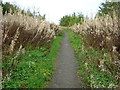 Path from Calder Water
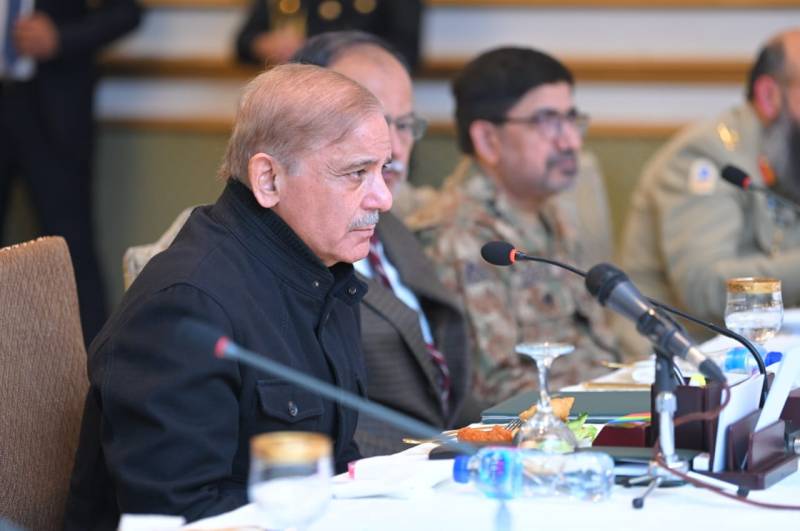 PM Shehbaz says Pakistan ready to complete IMF programme without further delay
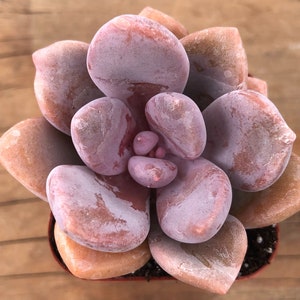 Graptopetalum Superbum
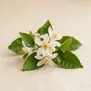 Flor de Mandarina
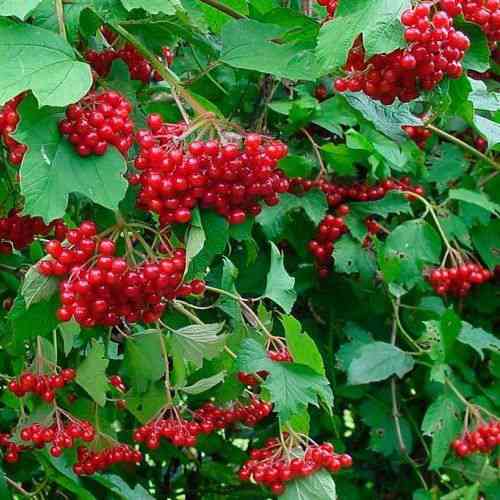 Саджанці калини Красуня (черенкований) - 1-річний Чернівці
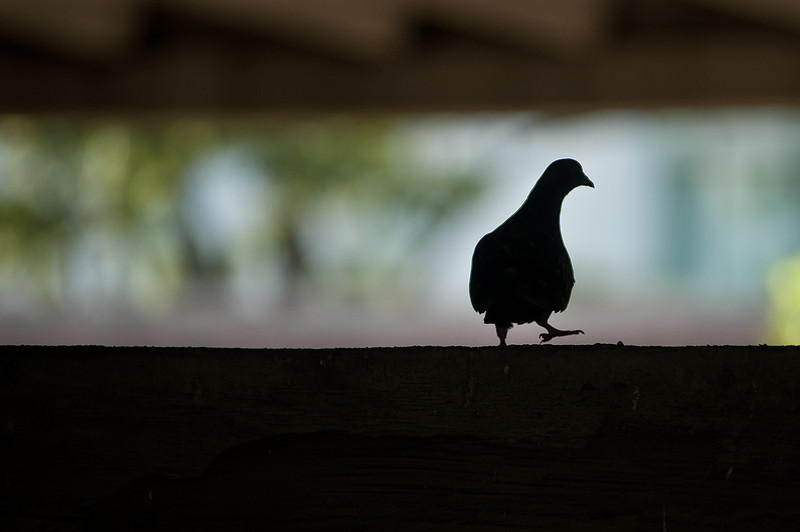 Photography by Columbia SC Photojournalist Sean Rayford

^^^^^^^^

> What is being asked
Go back to the line that contains "Flor de Mandarina" and copy it, along with each line after it through the end of the listing above, exactly and without pictures.

> Exercise result
 Flor de Mandarina
 Саджанці калини Красуня (черенкований) - 1-річний Чернівці
 Photography by Columbia SC Photojournalist Sean Rayford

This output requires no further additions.